Open Source Software Solutions: Can "Free" Be "Profitable"?
Far gone are the days when there was an ample dose of skepticism from investors about the viability of open source as a business model. Around six years ago, it was a common thesis that Red Hat was a snowflake and that no other open-source company would be significant in the software universe – and now, Red Hat has been acquired by IBM for staggeringly $34 billion (over 3x times its market cap from 2014), Microsoft paid $7.5 billion to acquire the code hosting and collaboration platform GitHub, MuleSoft was acquired after going public for $6.5 billion, MongoDB is now worth north of $4 billion, Elastic’s IPO now values the company at $6 billion, and even Walmart has released its own open source software solutions.
Actually, it’s completely fair to state that this is the world of open-source software, where code is written and distributed freely. In fact, the majority of the software that powers the world's largest companies, protects human personal data, or even encrypts national security information is open to the public. Every single person can easily download the source code behind Facebook's user interface, Google's Android operating system, or even Goldman Sachs' data modeling program, and leverage it as a building block for a totally new project. In addition to free distribution, a plethora of software has been developed collaboratively - being created and maintained by an army of thousands, from unpaid volunteers to employees at competing tech companies.

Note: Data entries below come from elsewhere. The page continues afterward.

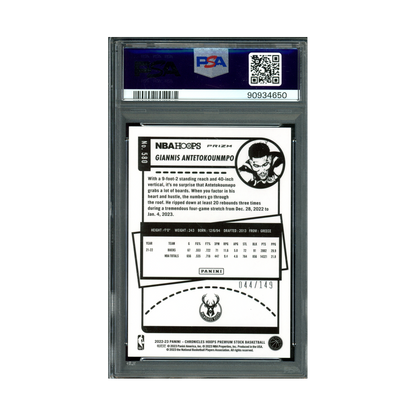 Giannis Antetokounmpo 2022 Panini Chronicles Basketball Red /149 PSA 10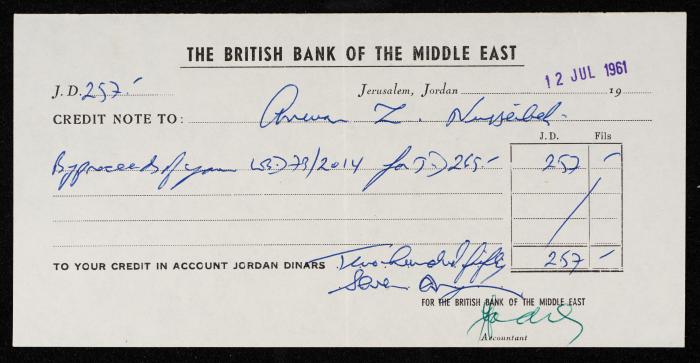 A Credit Note by the British Bank of the Middle East for Anwar Nusseibeh, Jerusalem, 1961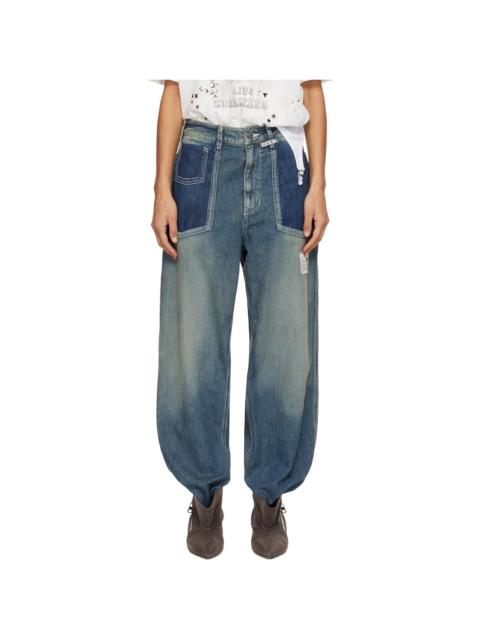 Blue Cut-Out Pocket Jeans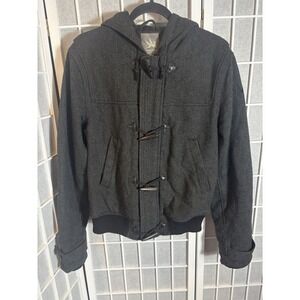 VTG‎ Rare I. Spiewak&Sons Harris Tweed Duffle Hooded Insulated Jacket SX352 S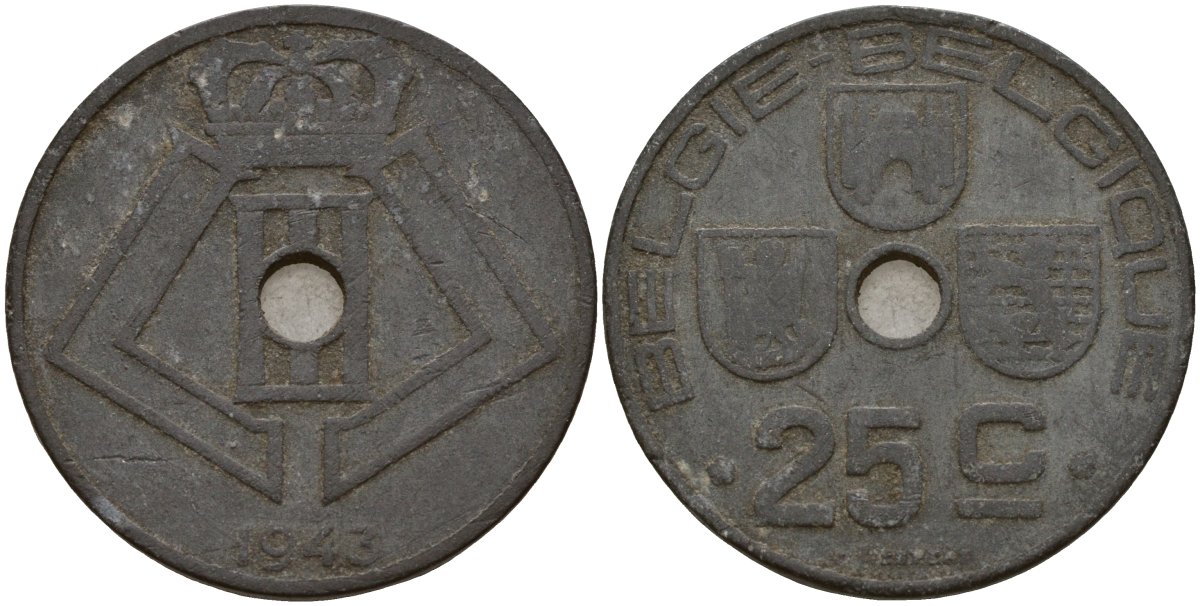 Бельгия 25 сантимов 1943 Belgie - Belgique, Леопольд III (1934-1947), германская оккупация, Вторая мировая война KM 132 цинк 4157-535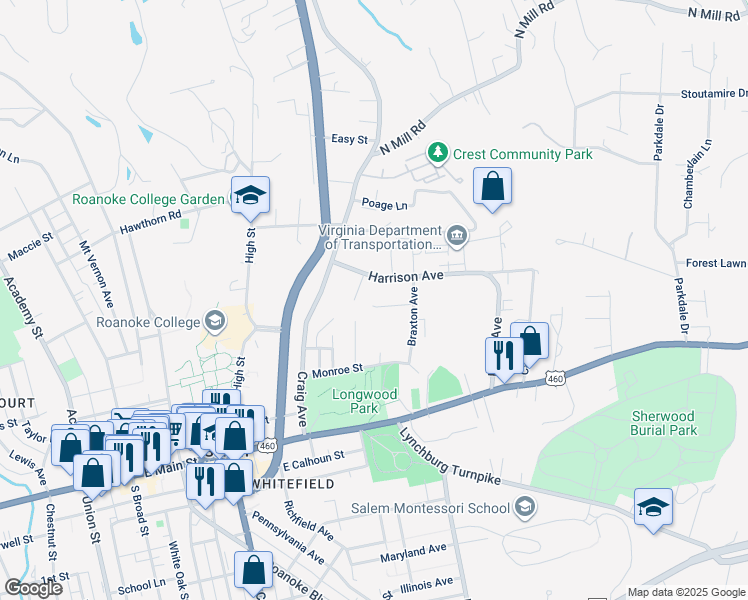 map of restaurants, bars, coffee shops, grocery stores, and more near 700 Crystal Drive in Salem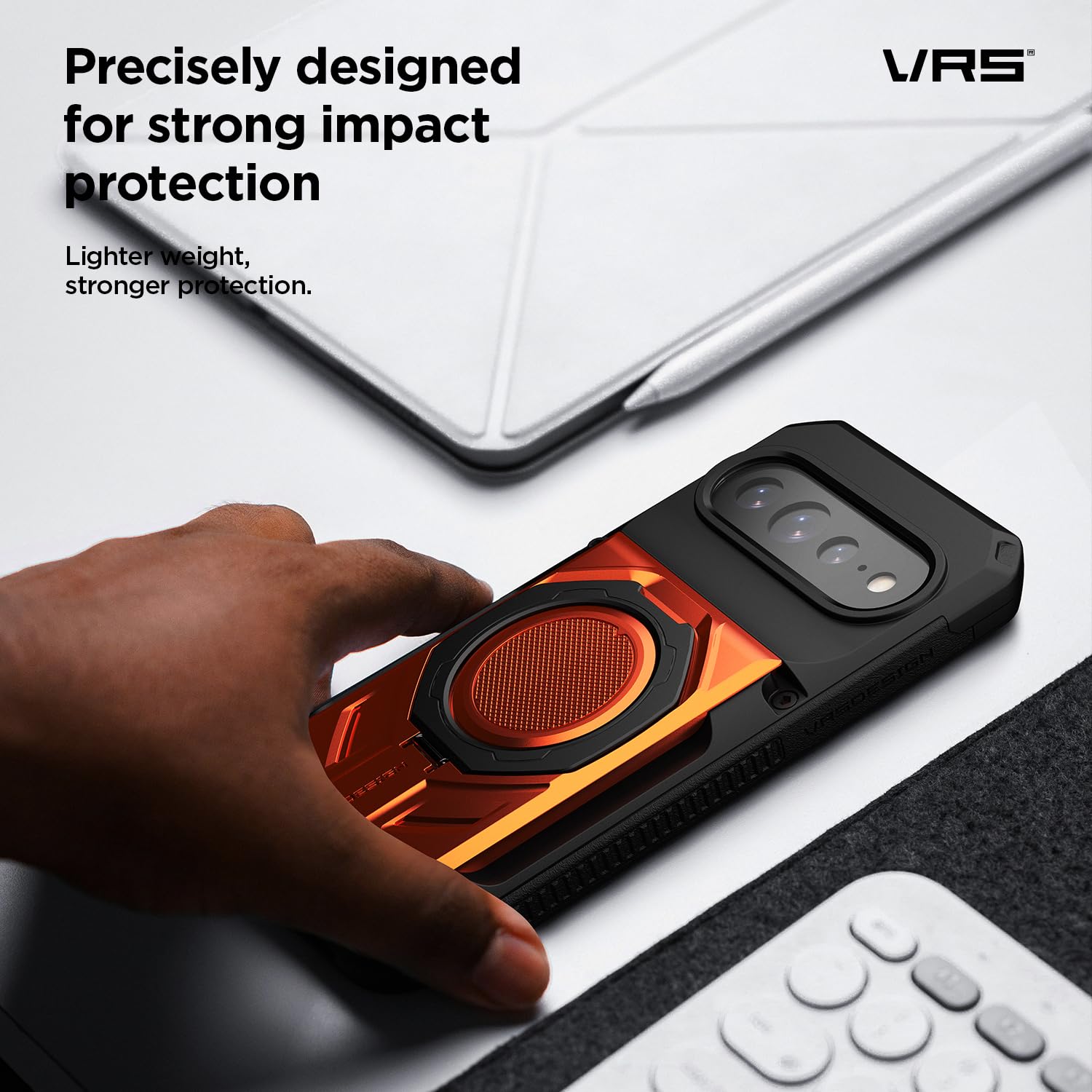 VRS DESIGN Damda Glide Hybrid per Pixel 11 Pro XL - Nero Opaco | Nessuna ricarica wireless | Custodia a portafoglio magnetica | Conserva 3-4 carte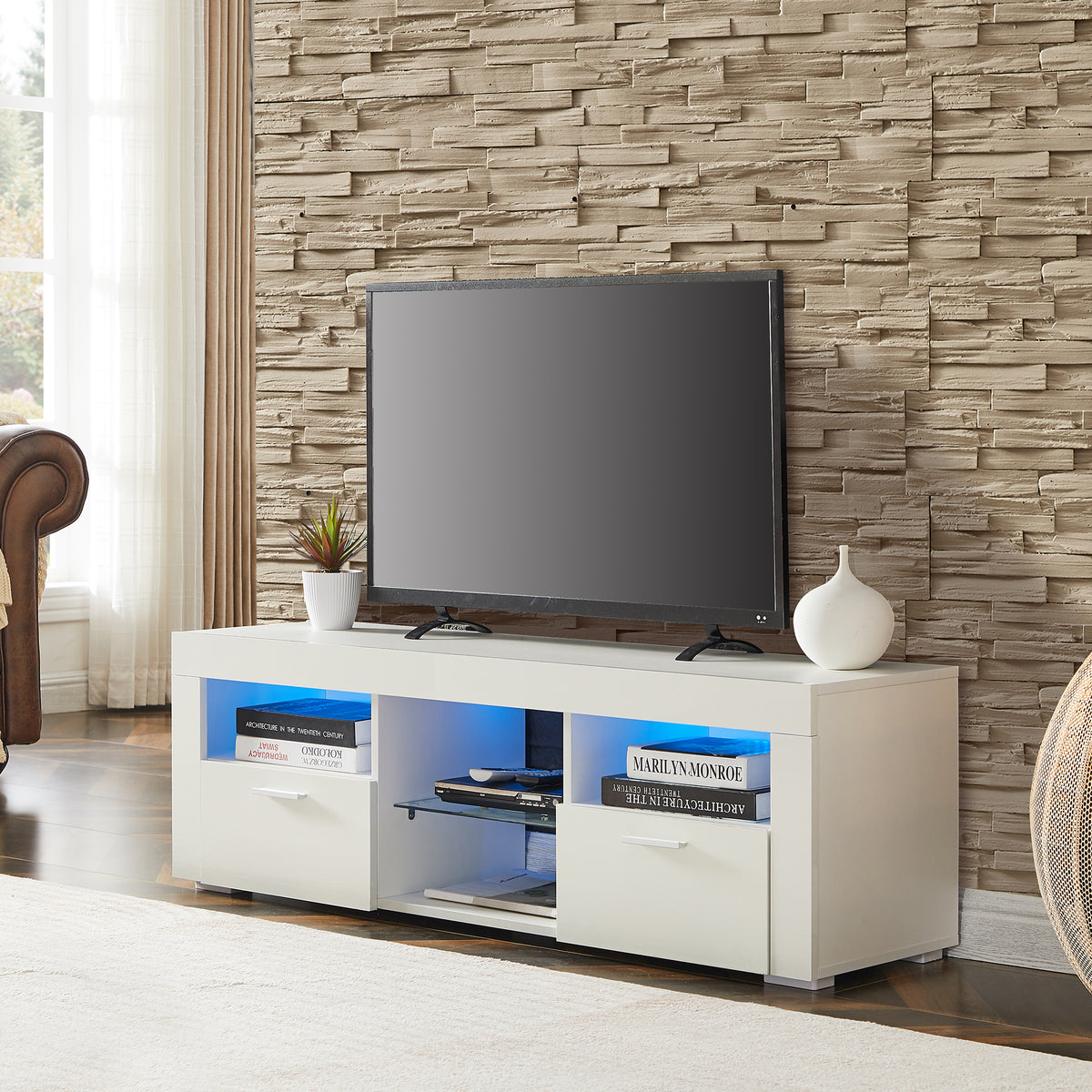 Modern TV Console Storage Media TV High Gloss Organizing Cabinet with LED Light- White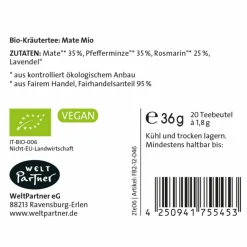 WELTPARTNER Verpflegung*MATE MIO KRÄUTERTEE BIO TEEBEUTEL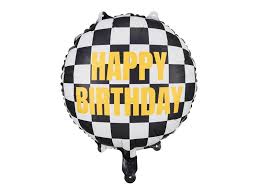 Rennauto Folienballon Zielflagge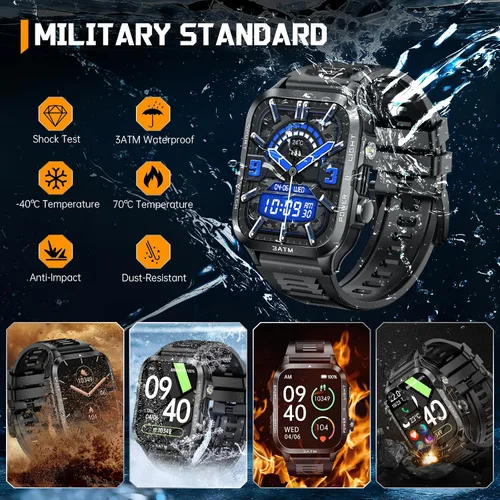Miniatura 2 de Relojes inteligentes militares para hombre (responder/hacer llamadas) con potente linterna de 1.96 pulgadas HD, reloj inteligente táctico al aire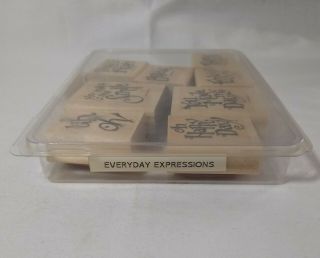 Stampin Up Everyday Expressions 1997 Retired Vintage Rubber Stamp Set of 8 2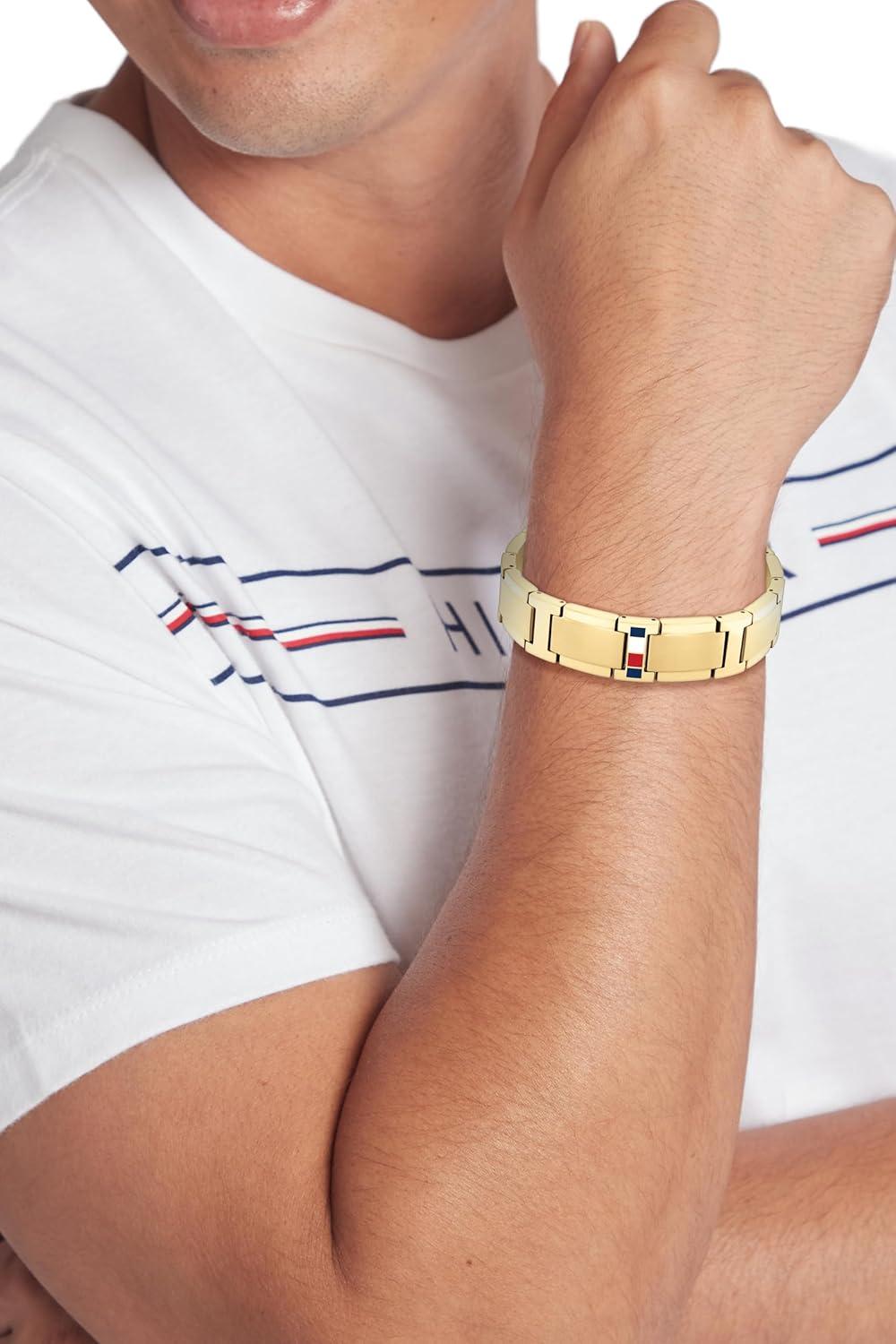 imageTommy Hilfiger Mens Jewelry Link Chain Bracelet Bold Style FoldOver Clasp Enamel Stripe Detail Adjustable Stainless Steel Accessory for Him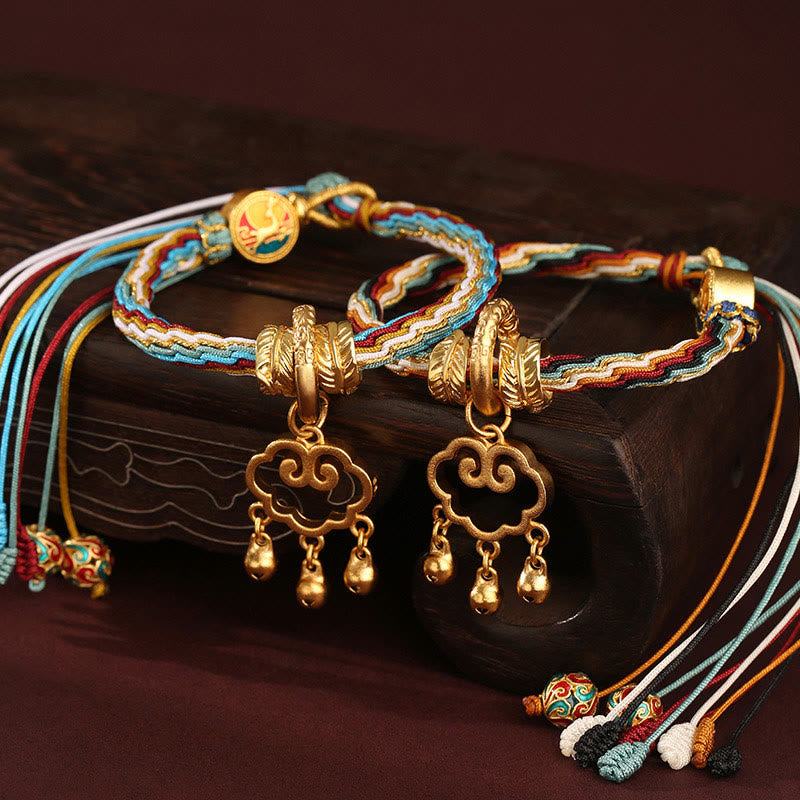 Fortune Jewel Handmade Dunhuang Color Deer Auspicious Cloud Peace Lock Bell Healing Reincarnation Knot Bracelet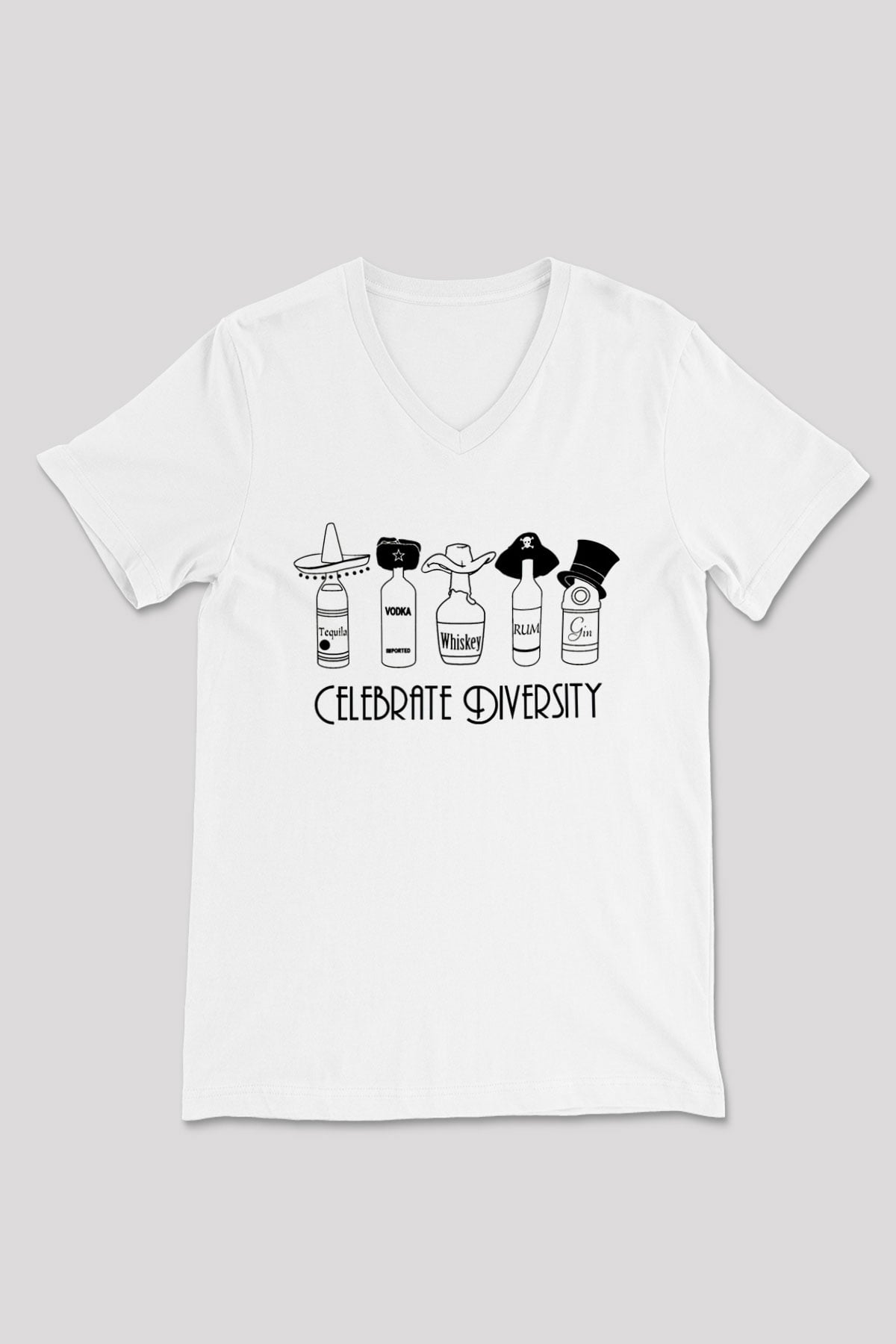 Alkol Beyaz Unisex V Yaka Tişört T-Shirt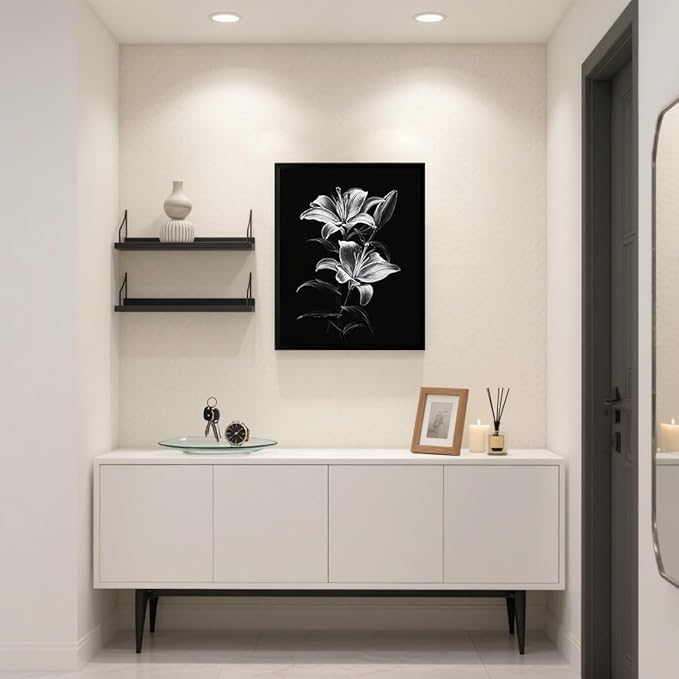 Canvas Bathroom Wall Art Decor Canvas Art Wall Decor Vintage Framed Wall Art Prints Black and White Wall Art Decorations Hallway Flowers Wall Art Pictures for Bathroom Artwork For Walls 16x20 Inchs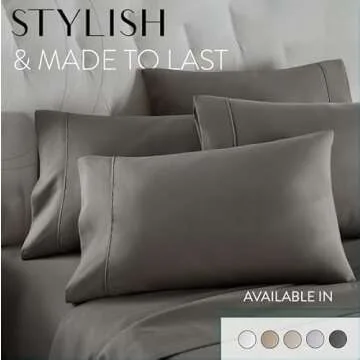 Queen Sheet Set 6 Piece Hotel Quality Bed Sheet w/ 4 Pillowcases - Microfiber Sheet Sets with Deep Pockets, Breathable Cooling Wrinkle Free, Machine Washable 6 Pc Sheets for Queen Size Bed, Gray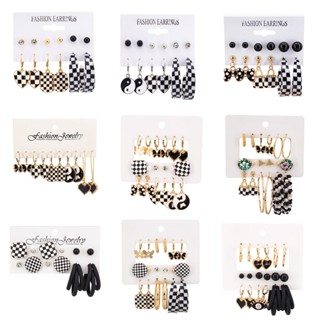 Moda Brincos De Tabuleiro De Xadrez Preto Branco Conjunto De Coração Para Meninas Tai Chi Butterfly Eye Earring Party Jewelry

So, why did this movement that once represented the bleeding edge of software become the hot place to be? How did a business model that essentially revolves around giving away information and products take over the world? Let’s go explore!
A Brief Look Over the Rise of Open Source Software
Before diving into the origin as well as current immense popularity of open source software solutions and open source community, it’s essential to first take a look over the general context.
First of all, it’s worth noting that whereas open-source tools have been on a meteoric rise, this model “hasn't always been the norm”! At the dawn of the Internet era through the late 1990s, proprietary software proliferated. The tech giant Microsoft even went so far as to call open-source “un-American” and detrimental to intellectual property rights. “Software was a finite commodity that people hoarded and wanted to sell as a product,” shared Jim Zemlin, Executive Director of Linux Foundation. Actually, at that point of time, open-source software was only developed and maintained by a dedicated few.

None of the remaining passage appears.